As a followup to Suuuehgi's answer, I'd also like to add that if you are starting from a CD and ripping it directly to FLAC, encoding time may not matter at all because you have to first rip the music, which takes time.

Here's what I tried:

Using dbPowerAmp CD Ripper, I ripped my copy of Mariah Carey's "Merry Christmas" album. I ripped it once at FLAC compression level 8, once at level 5 (dbPowerAmps default), and once at level 0.

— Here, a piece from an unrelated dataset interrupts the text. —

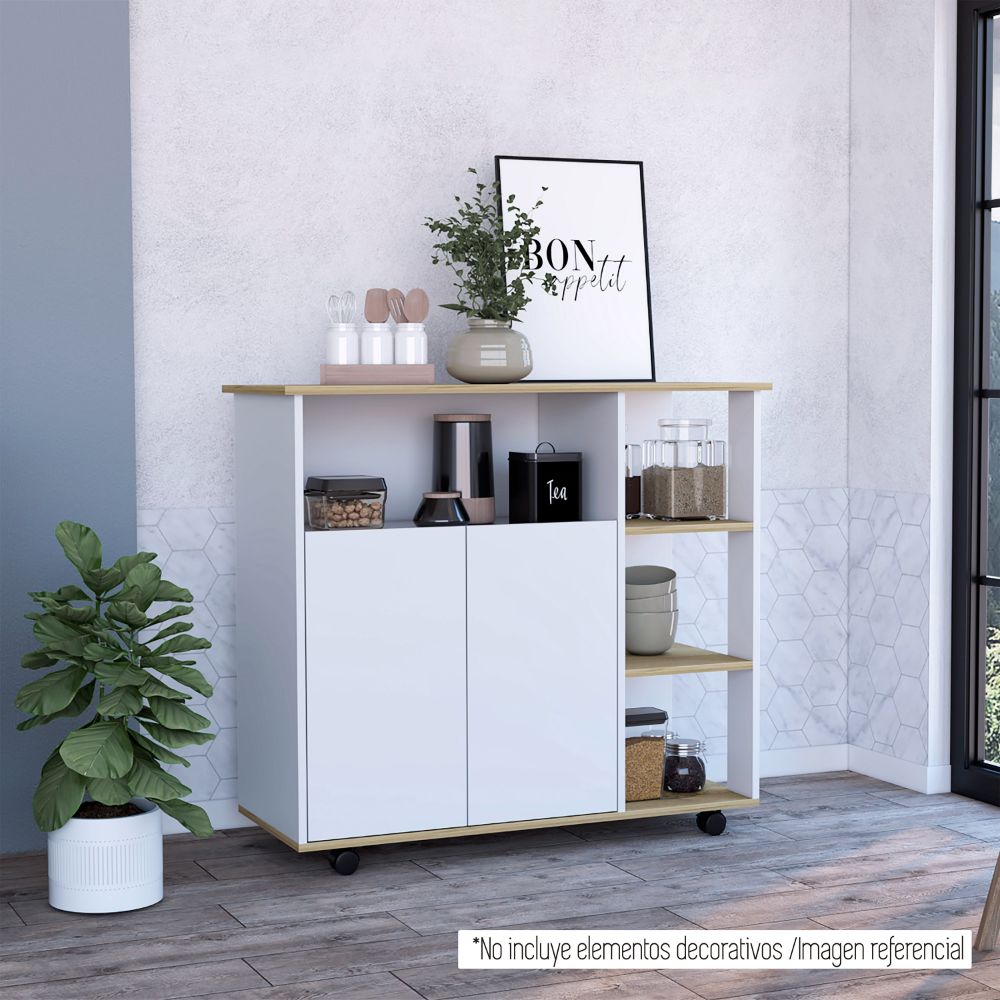 Mesón de Cocina Bi Color Blanco y Duna Para Cocina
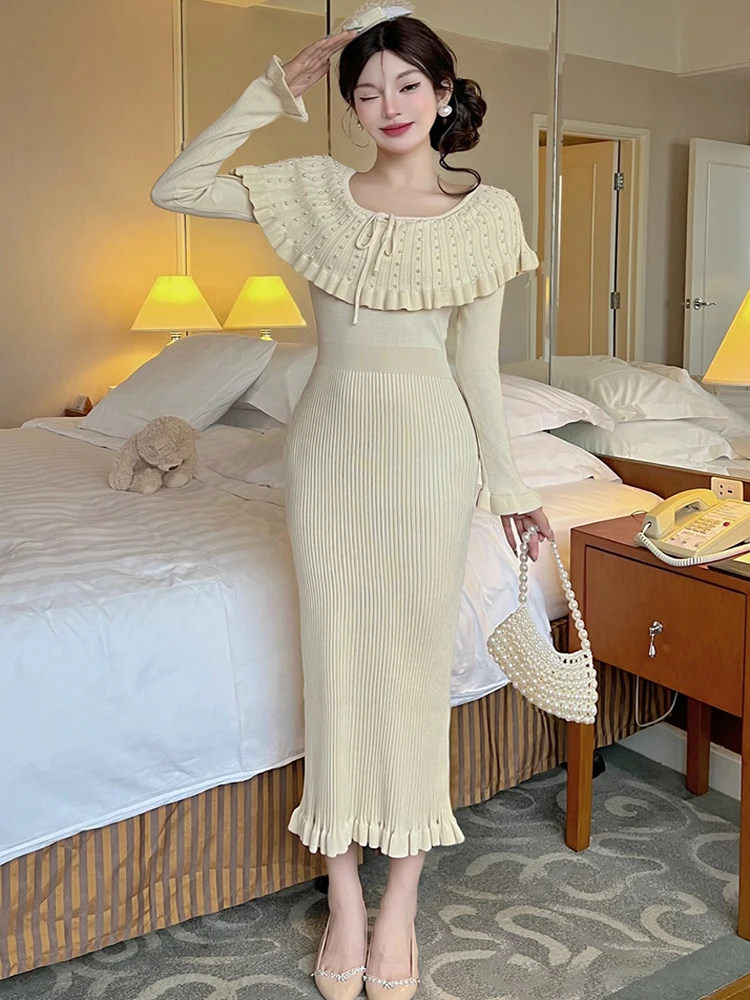 الخريف الشتاء المرأة التفاف فساتين محبوكة الإناث موضة أنيقة حبة الكشكشة كم طويل غمد تريكو مكتب Bodycon فستان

Here's the total times for each rip, from clicking start, to end with all FLAC files done:

Level 0 = 6:19

Level 5 = 6:18

Level 8 = 6:23

As you can see, the variance between all 3 is minimal, within < 5 seconds of each other. As I watched it rip and encode, the encoding status was a mere flash on the screen, barely registered. And watching the file system as it was ripping, it appeared to be encoding on the fly as it was ripping. YMMV on slower systems however.

As for file sizes, here are the file sizes produced:

Level 0 = 278 MB

Level 5 = 257 MB

Level 8 = 256 MB

enter image description here

While the total rip and encode times were basically the same, the file sizes were not, HOWEVER, there is definitely diminishing returns in the later compression levels (as Suuuehgi's answer alludes to).

To me, it seems that if you are starting from CD's and have a decent PC, the time it takes to rip and encode won't change much based on the FLAC compression level. The file size does change however. I think dbPowerAmps suggestion of FLAC level 5 as a default is a good one. Only 1 MB difference between FLAC 5 and FLAC 8, where-as if you go FLAC 0, my example shows 21 MB in excess storage that could be saved. That may not seem like much, but when you are ripping vast collections, it adds up quick (a single FLAC song can be around that size.)

This was done on a desktop with a USB 2 DVD drive, ripping on average at 7x speed. My desktop PC specs are a Intel Core i5-6500 CPU @ 3.2Ghz, 16GB of RAM, and a Samsung 860 EVO Sata SSD drive.

0

Flac 0. Storage is so cheap these days, seems like a no brainer to me... also Flac 0 is less likely to hiccup on a slower system since decoding it is less demanding to decode.